Fierce competition, razor-thin profit margins, perishable products and government regulations define the food and beverage market — and the slightest change can have huge bottom-line effects. Mike Lorbiecki, Vice President Sales, North America at IFS, looks at new developments in demand planning and identifies the three key areas where intelligent demand planning is helping companies get ahead.
Food and beverage manufacturers are under pressure to place the right product at the right place at the right time, and in the right quantity. Companies look to their demand planning to provide them with the relevant data and, while many businesses are already using demand planning, they are not using it as effectively as they could be.
Traditional ERP systems separate each of the different steps in the supply chain, which means that providing full visibility of the entire business operation isn’t always achievable. More agile ERP solutions can provide a full view so supply chains can be harnessed holistically. With this level of visibility across the entire business, intelligent demand planning makes it possible to conduct strategic forecasting to streamline ordering, inventory and production, as well as providing the opportunity to capitalize on additional sales by mapping and then acting on historical data.
Taking a proactive approach to address the future of the food and beverage supply chain results in fewer surprises, shortages or unnecessary spending. There are three key areas where I see ERP with demand planning functionality providing a competitive edge in the food and beverage industry.
1. Staying Ahead Of Seasonal Fluctuations
Seasonality is one of the most used statistical patterns to improve accuracy of demand forecasting.
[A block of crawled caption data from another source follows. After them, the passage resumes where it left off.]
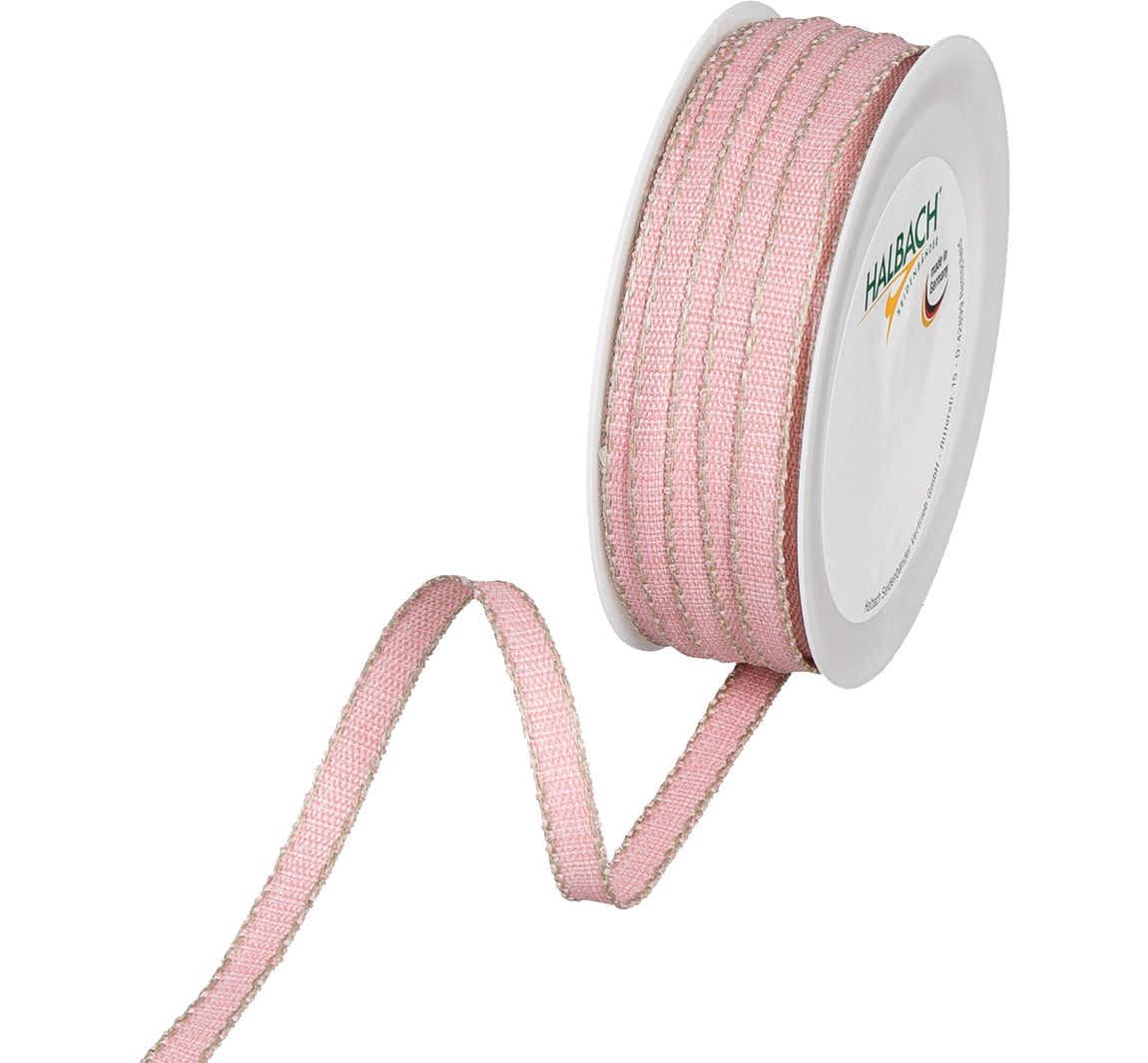 Lint met linnen rand - Roze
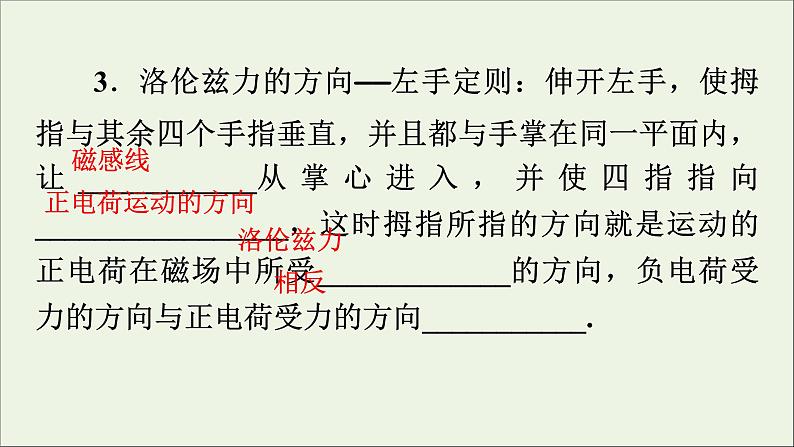 2019_2020学年高中物理第3章磁场第5节运动电荷在磁场中受到的力课件新人教版选修3_104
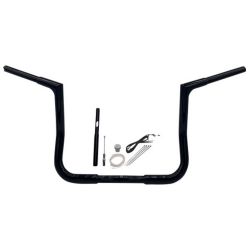PartzBiz HD 719012-B - Fat Baggers 12” Black EZ Install Flat Top Handlebar Kit 21+ Harley Touring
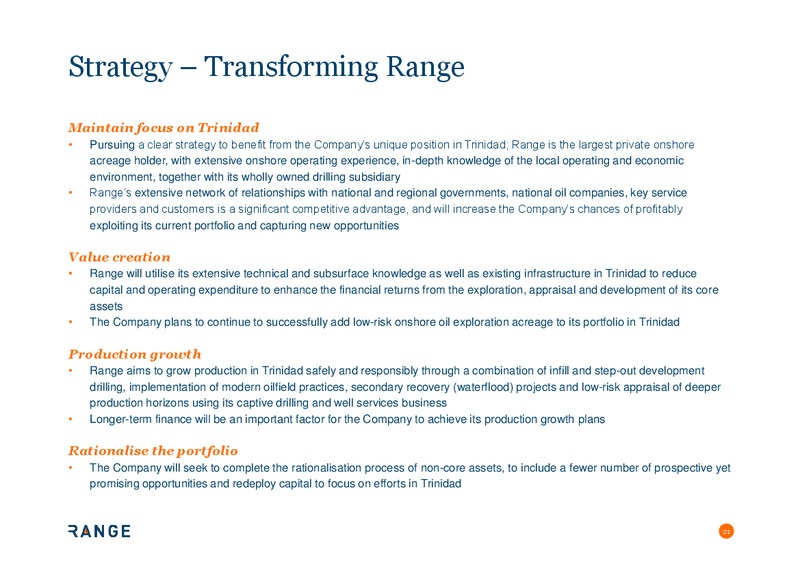 Investor Presentation – Range Resources Limited – slide 20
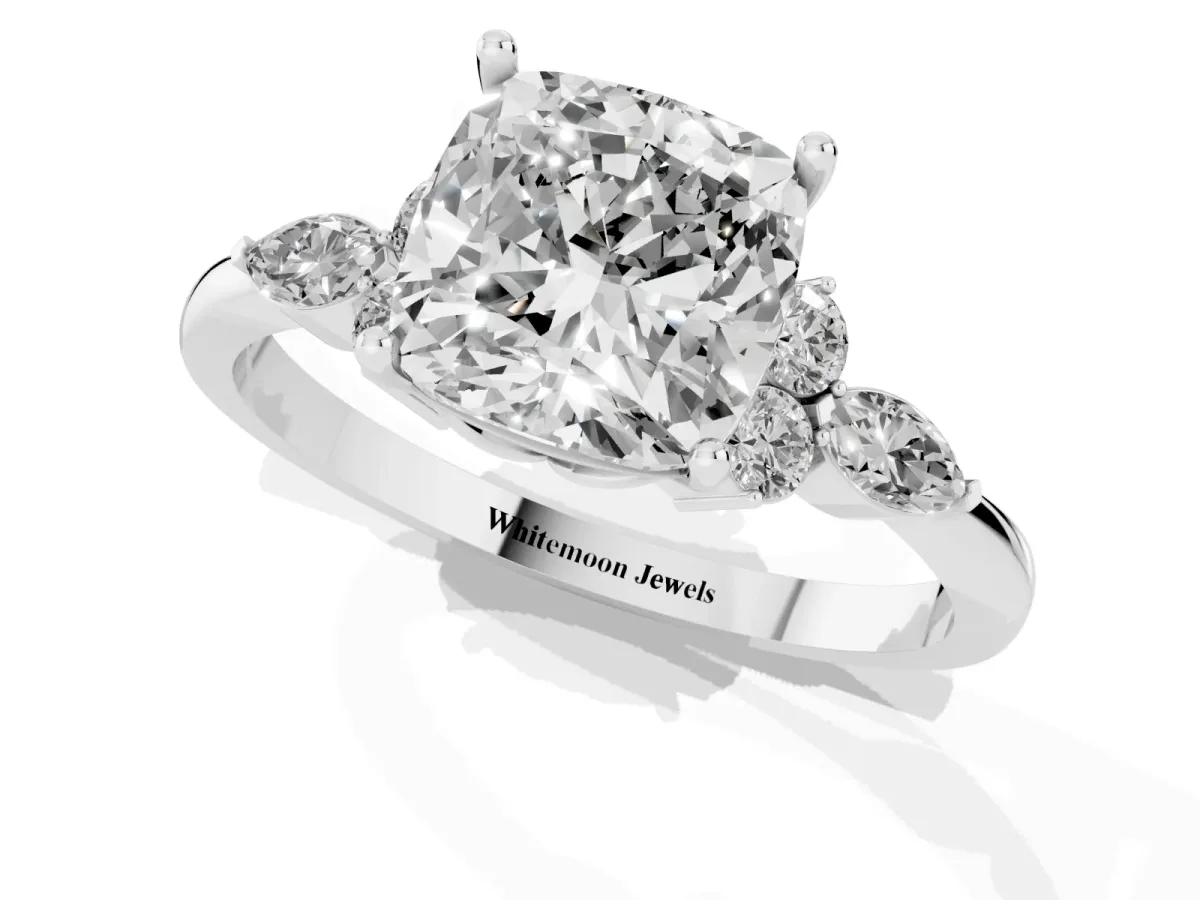 Cushion Cut Brilliant Diamond Solitaire Ring with Pear Side Stones and Four-Prong Setting Silver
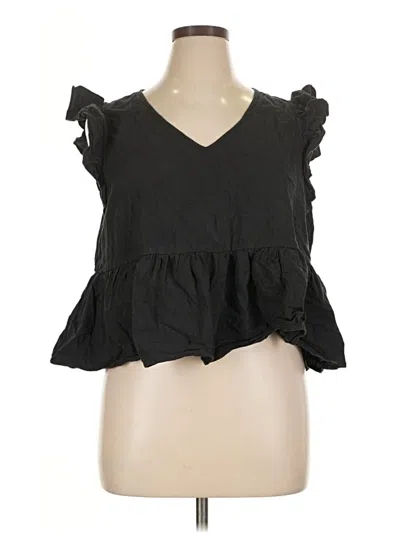Pre-owned Shein Curve Short Sleeve Top Black Ruffles Neckline Tops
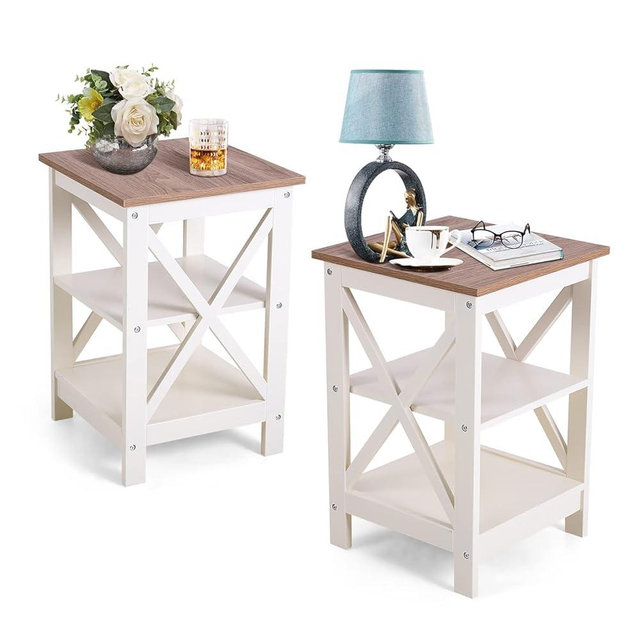 Sophia & William Farmhouse End Table Living Room Set of 2, Sofa Side Table with Storage Shelves, Ivory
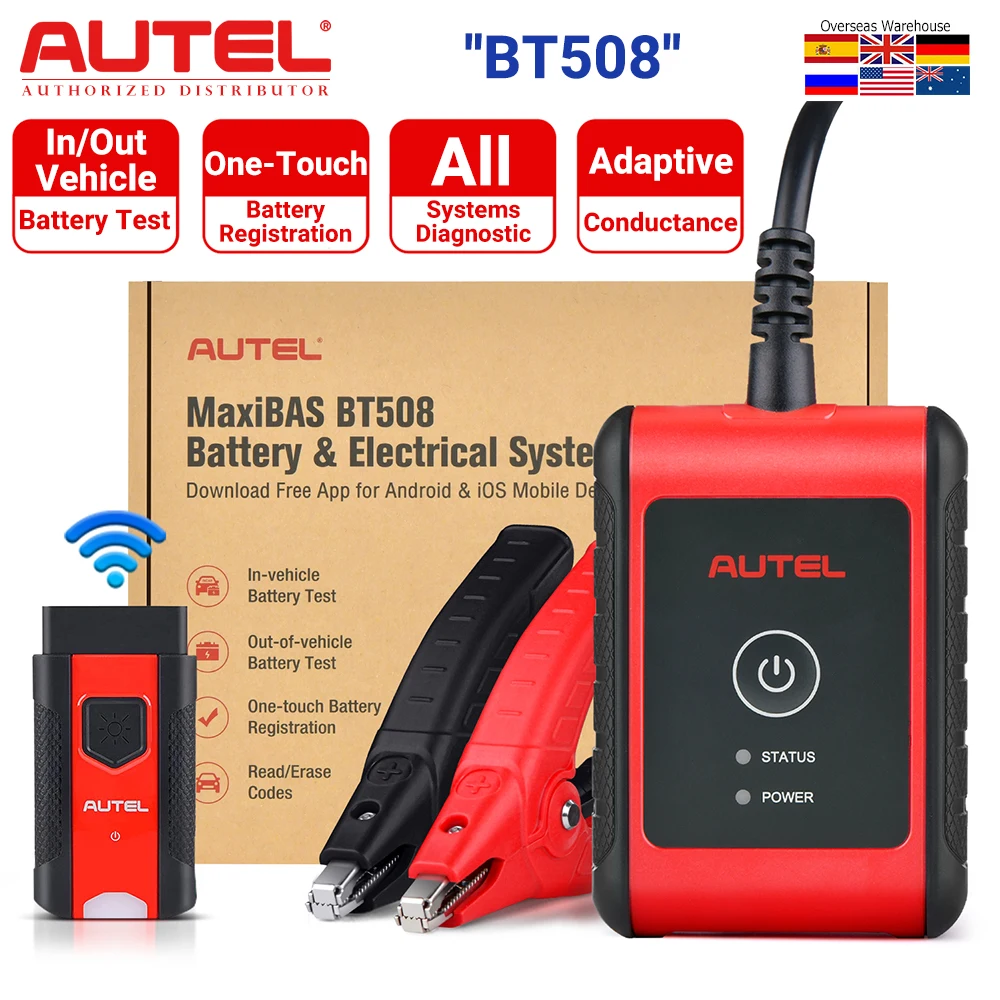 Autel MaxiBAS BT508 6-12V Battery Tester 12-24V Cranking/Charging System Diagnostic Tool Adaptive Conductance All-in-One Scanner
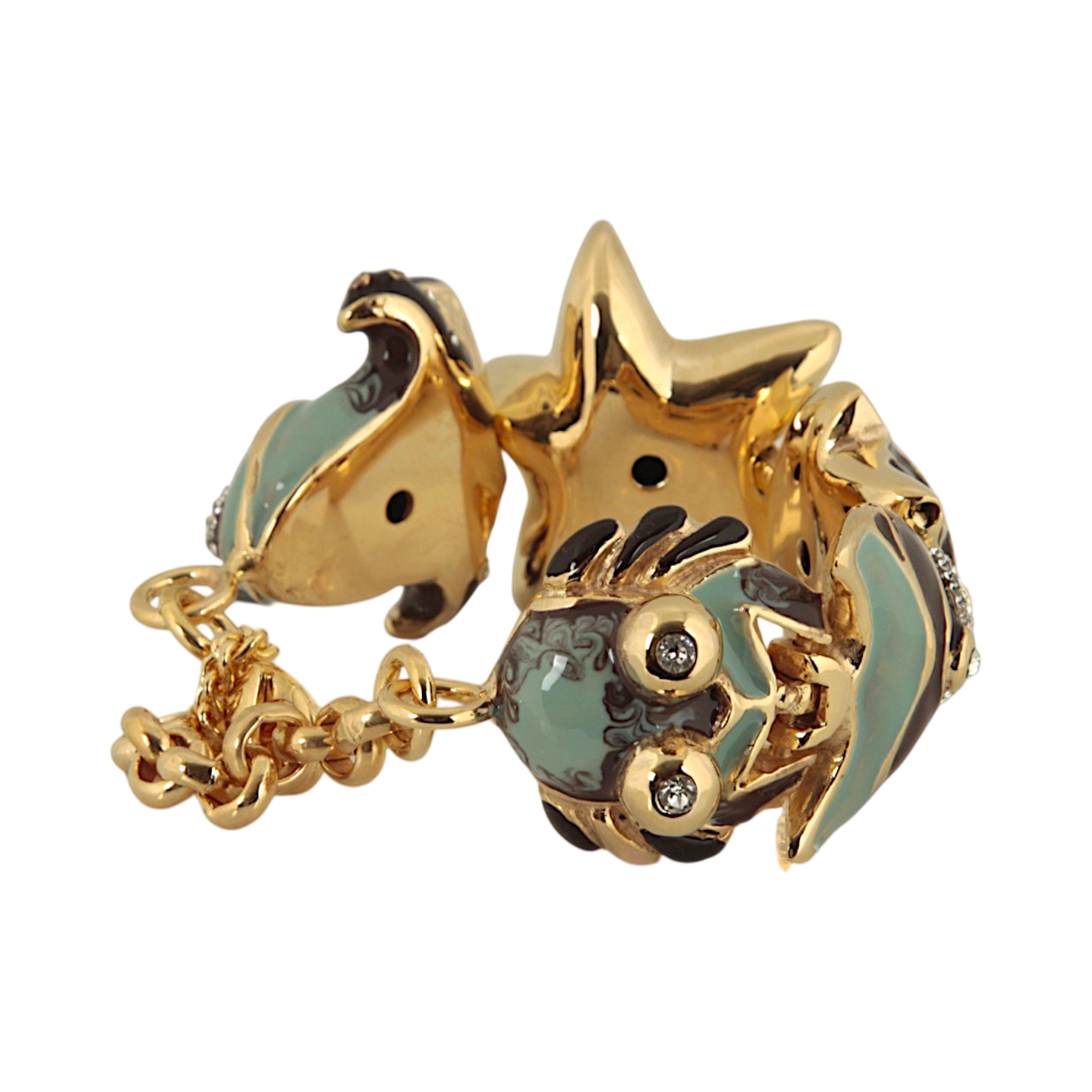 Marine charm bracelet with octopus, fish, crab, starfish and sea turtle elements in hand-enamelled 24 kt gold plated brass, Made in Italy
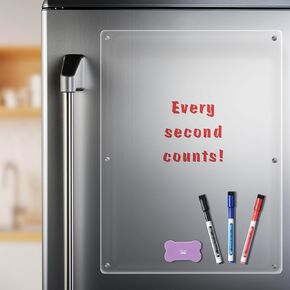 Mr. Pen- Acrylic Magnetic Dry Erase Board for Fridge, 15"x11", 3 Dry Eraser Markers, Acrylic Dry Erase Board, Acrylic Board, Clear Dry Erase Board for Fridge, Clear Magnetic Dry Erase Board for Fridge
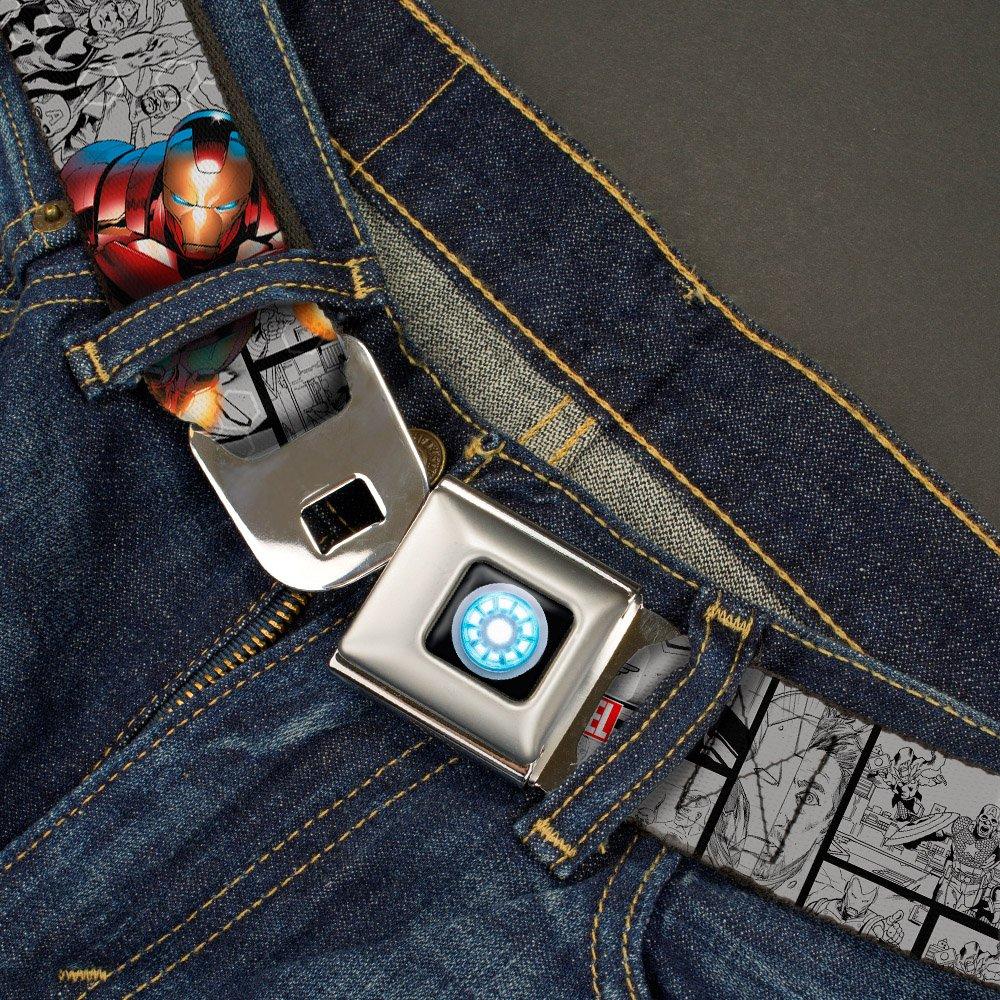 Buckle-Down Buckle-Down Seatbelt Belt - Iron Man 3-Action Poses/Avengers Comic Scene Blocks Grays/Black - 1.0" Wide - 20-36 Inches in Length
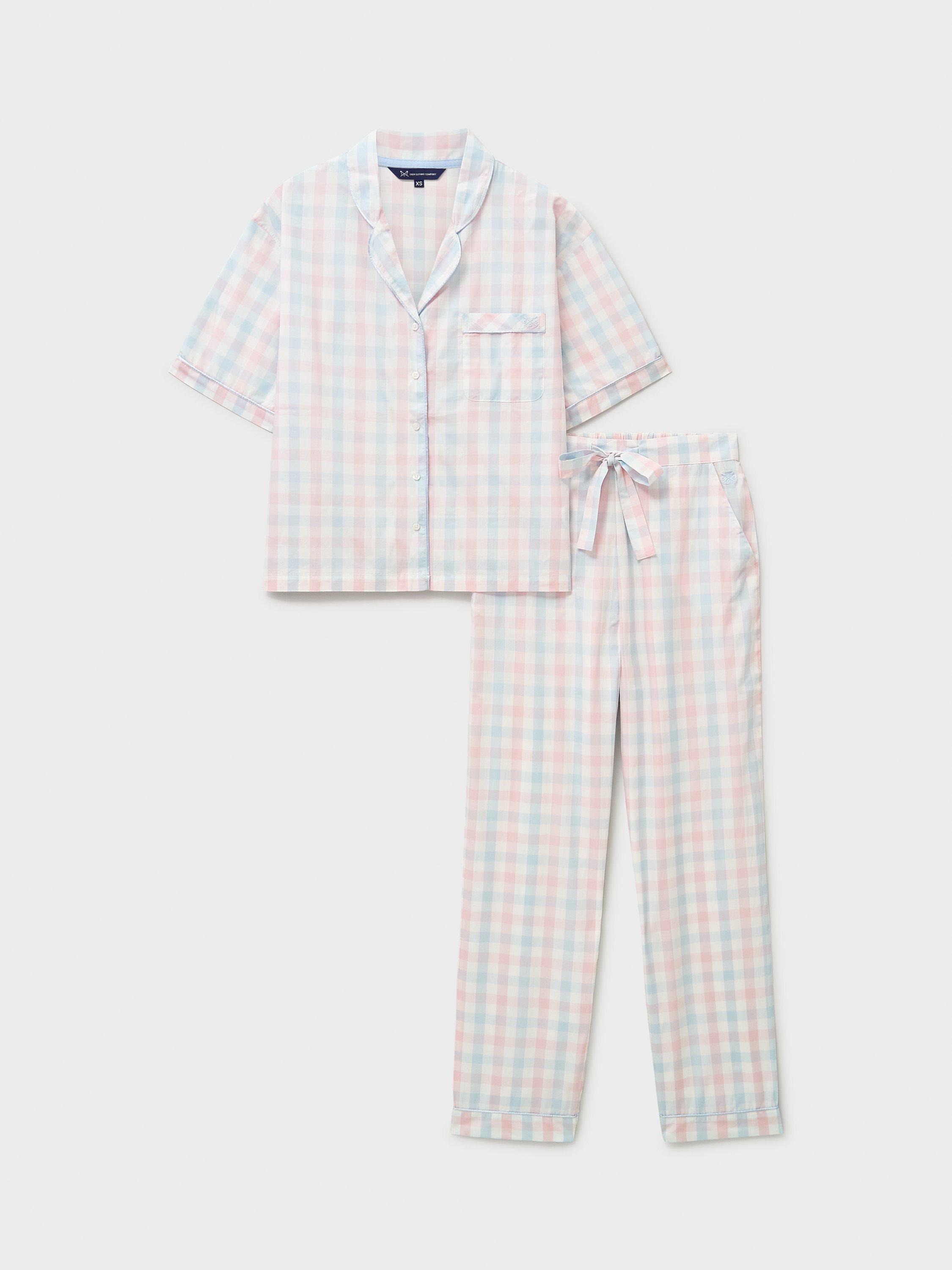 Product image 5 of 5, which shows Crew Clothing Check Short Sleeve Long Pyjama Set, Pink/Multi, L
Businesses in the food and beverage industry must always be prepared for change, especially since they operate in a sector where seasonal peaks and troughs across product ranges is commonplace.
Seasonality can impact sales and inventory, so using historical data to make predictions on stock levels and expected sales can provide a much more accurate picture going forward. However, making the best use of all historical data requires a reliable, flexible and easy-to-use business tool.
ERP software with demand planning built-in will help minimize the time-consuming job of defining seasonal profiles, and combines seasonality with sales distribution for visual representation of an organization’s monthly forecast. Demand forecast functionality can even demonstrate historical forecast, system forecast, adjusted forecast, events and campaigns.
2. A Holistic View Means You Can Use Inheritance Data From Other Products
Too many companies don’t give demand planning and forecasting the recognition it deserves, instead choosing to rely on an educated guess. But in the modern business landscape, there is no room for mistakes when it comes to the supply chain.
By understanding trends and being able to accurately predict them, a business can find ways to reduce the impact of high-cost areas such as unnecessarily large inventories, a difficult to manage product portfolio or variable levels of service.
No Historical Data? Yes You Have!
Demand planning functionality should have the capability to populate historical data to provide for an accurate forecast. But if, for example, a cereal manufacturer produces a new breakfast bar and does not have the relevant historical data for the new product, the demand planning functionality needs to be able to provide inheritance data by selecting and grouping historical data from similar products with similar patterns such as seasonal sales or expiration dates. Modern ERP systems can do just this.
Spot The “Cannibal”
Demand planning within an ERP system should also warn management of potential product “cannibalism” (i.e. eating up market share of an existing product by introducing a new one) which can have a negative impact on a company’s bottom line. For instance, a business which produces milk chocolate may suddenly choose to expand into dark chocolate. New graphical, interactive demand planning tools can provide users with widespread forecasting over various timeframes and events and demonstrate potential product “cannibalism” before it occurs. In this instance, the software would alert decision-makers that the new dark chocolate candy has the potential to impact milk chocolate market share.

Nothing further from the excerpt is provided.